Michele and his wife Albina had seven daughters and one son: Giacomo. There was, of course, a public expectation in Lucca that little Giacomo would grow up to take on his father’s responsibilities and continue the family line. With the support of patrons, he made his way to the Conservatory in Milan, but although he returned to Lucca for a time and composed his early operas there, he never took on the inherited position.

However, although he left the family tradition behind, Puccini carried his musical lineage with him throughout his life. His full name is a collection of the names of his ancestors: Giacomo Antonio Domenico Michele Secondo Maria Puccini.

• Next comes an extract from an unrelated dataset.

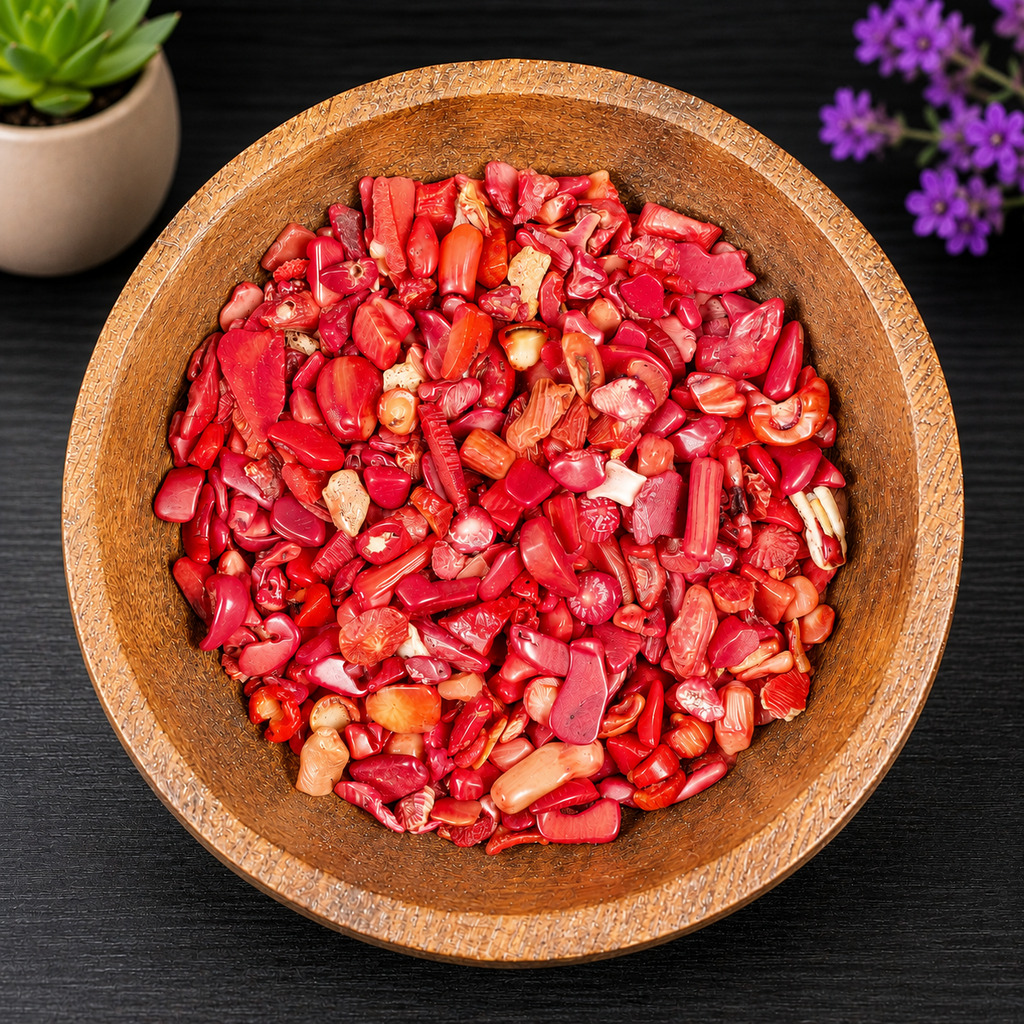 Gemstone Chips 100g - Red Coral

In the early 1830s, Henri Murger created a series of magazine sketches about the bohemian lifestyle, which he eventually adapted into a novel, Scenes de la Vie de Bohème (1848). Puccini used Murger’s stories as the inspiration for his La Bohème. Murger, in fact, lived the bohemian life in his youth and many of the historical details in his work were based on his experiences. Murger was part of a group of young bohemians who lived in extreme poverty and were called “Water-Drinkers,” because they could not afford anything stronger. Murger lived in a small attic apartment in his early years as an artist and believed in the theory, “Art before life.”

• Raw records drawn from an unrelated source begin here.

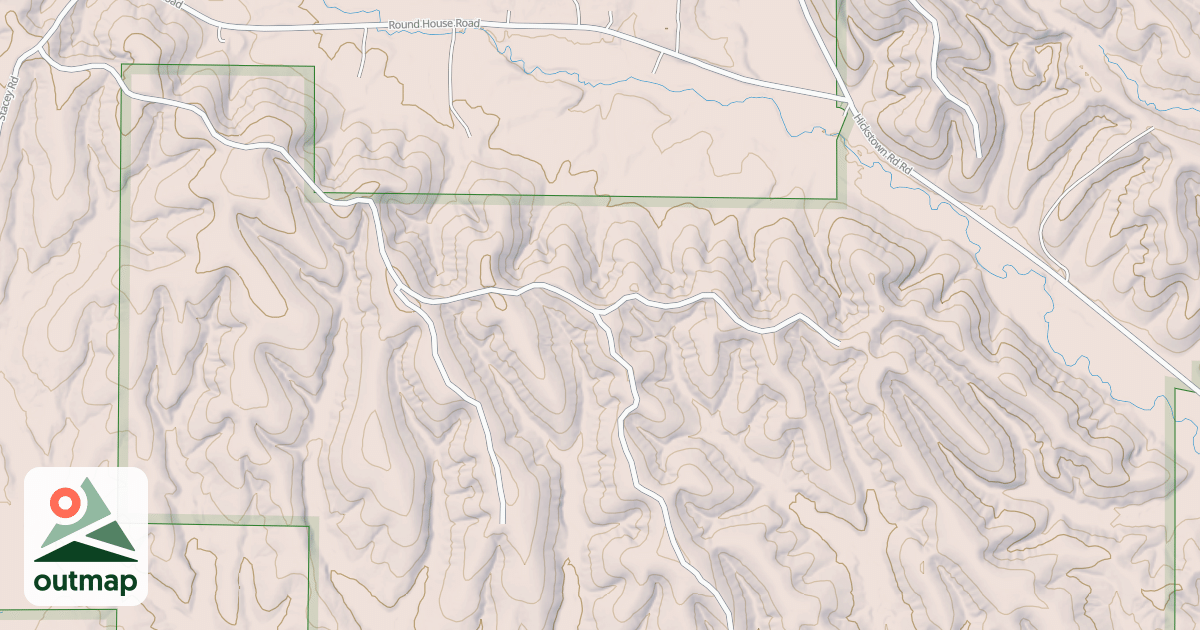 Map of GOOSE RIDGE RD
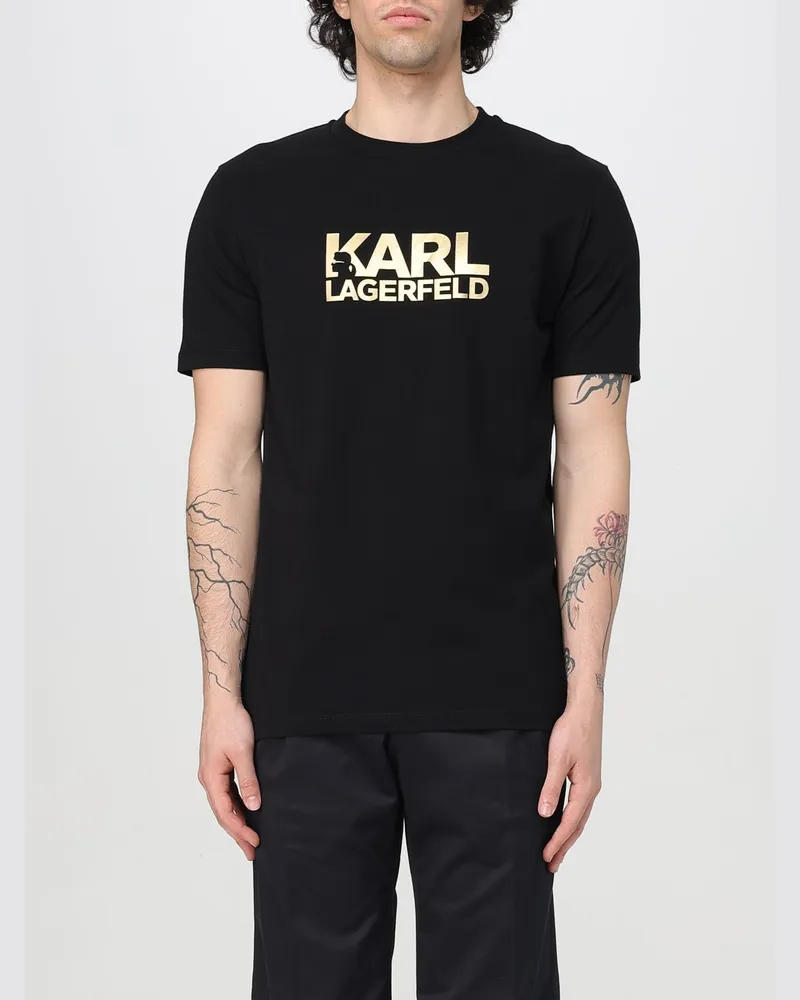 Karl Lagerfeld T-shirt herren Schwarz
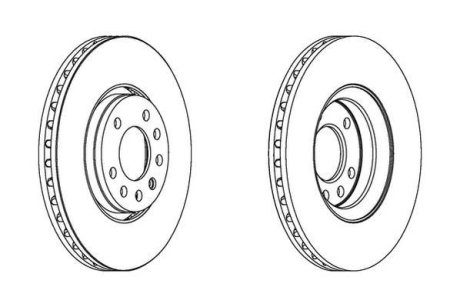 Диск гальмівний JURID 562385JC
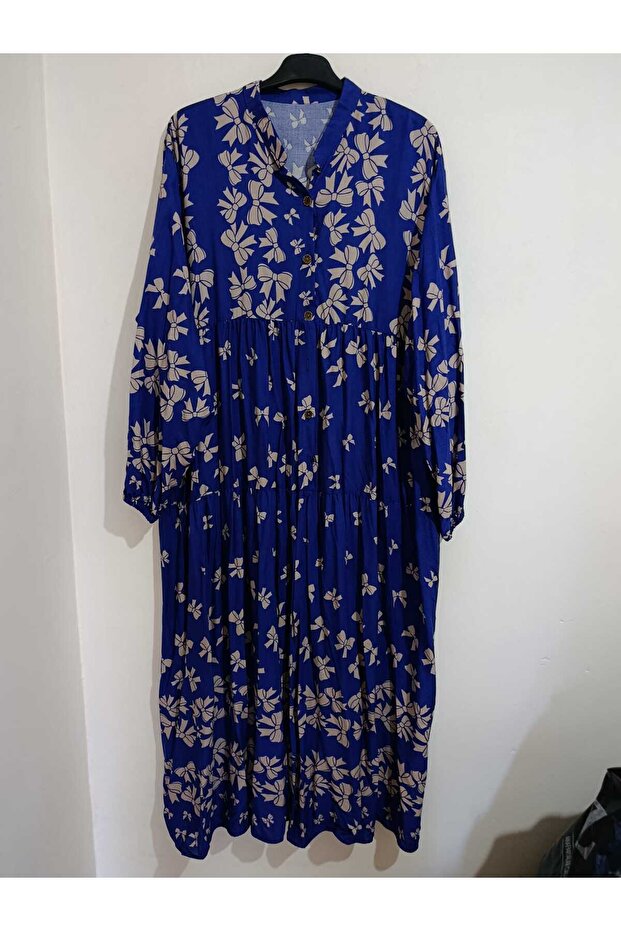 Superior Quality, 100% Lycra-Free Cotton Fabric, Front with Half Buttons, A-Style, Layered Long Dress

The company Casa Ricordi was Italy’s predominate publisher of musical scores in the 19th century (and still exists today!). Guilio Ricordi was a major force in shaping Italian musical culture, particularly the public’s taste in opera. Puccini was one of his favorite promising young composers. When Edgar, one of the composer’s early operas, bombed at the box office, Ricordi encouraged him to revise and then to re-revise the opera, until Puccini eventually gave up. Ricordi then supported Puccini through the three and a half years it took him to compose La Bohème.

Perhaps the most important way that Ricordi supported Puccini’s career was how he marketed Puccini’s scores to opera houses. Ricordi created a system in which opera house managers who wanted to purchase the rights to one of Verdi’s incredibly popular operas also had to purchase the rights to an opera by one of Ricordi's less-famous personal favorites -- Puccini chief among them. This two-for-one deal ensured that Puccini’s operas were exposed to a wide audience very quickly.

In response to the clear divide between the early, negative critical response to La Bohème and the rapturous enthusiasm of the opera’s first audiences, one insightful critic settled the case this way: “Between the two litigants, I say that the public is right.” Unfortunately, his proposed settlement went unheeded, and the divide between critical/academic opinion and public reception continues to this day. Some of the great composers of the 20th century have joined ranks with the critics, particularly Strauss, Stravinsky, and Webern. Debussy was specifically critical of Puccini’s decision to take on the French subject matter of La Bohème because, in his opinion, an Italian could never understand the true nature of French history and art. And yet despite a century of dismissals by critics and artists, La Bohème remains beloved and has become one of the three or four most-performed operas in the global repertory.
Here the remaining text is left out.